Can I use a different yarn weight for this bunny comforter?

The pattern is written for light/worsted weight (8ply) yarn with a 5mm hook. You can go up to a true worsted or even a bulky for a larger, chunkier comforter — just know the finished size will increase noticeably and you'll need more yarn than the 15g per color listed.

How big does the granny square blanket body come out?

The pattern doesn't give a finished size measurement, but a 12-round granny square in worsted weight on a 5mm hook typically works out to around 25–30cm (10–12 inches) square. Exact size depends on your personal tension.

Is this pattern safe to make for a newborn?

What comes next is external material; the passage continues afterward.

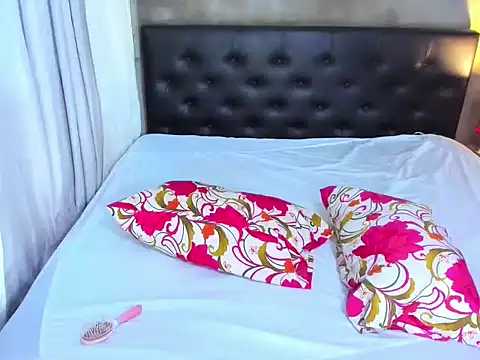 hotbabymaria online show from September 23, 12:13 am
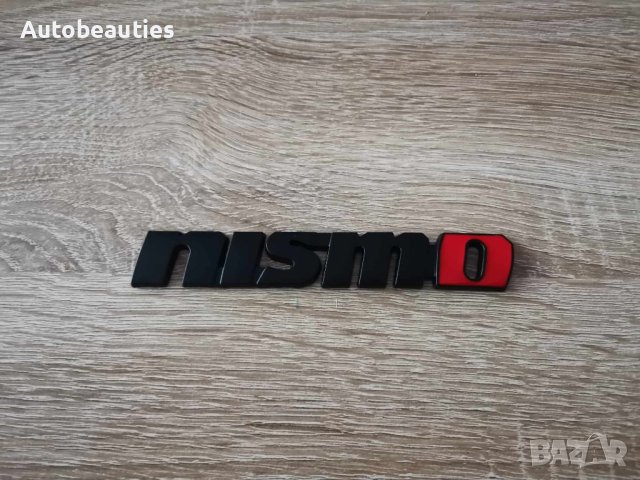 Nissan Nismo Нисмо черен с червено надпис стикер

Yes — the pattern specifically calls for yarn-embroidered facial features instead of plastic safety eyes, which makes it much safer for babies. Just make sure your stuffing is secured well inside the head and all yarn tails are woven in thoroughly before gifting.

I've never made a granny square before — will I be okay with this pattern?

The granny square section is beginner-friendly on its own, but the rest of the pattern — working in spirals, shaping the head, constructing the ears — does require some confidence with basic techniques. If you've made a few amigurumi before, you'll be totally fine.

The stitch count at Round 1 of the Arms says 'work 5sc' but then shows (6sc) — which is correct?

This is a note-worthy quirk in the source: the instruction says to work 5sc into the chain, but the count in brackets reads 6sc. This appears to be because the starting chain itself acts as the 6th stitch in some interpretations. Try working 6sc total into the chain and check your count at the end of Round 2 — you should have 12sc, which confirms the 6sc start.

Can I make the blanket body in a different stitch pattern instead of granny squares?

Absolutely — any flat square of roughly the same dimensions will work as the body. A solid dc grid, a simple shell stitch square, or even a flat sc square would all work. Just aim for a similar finished size so the bunny head stays proportional to the blanket.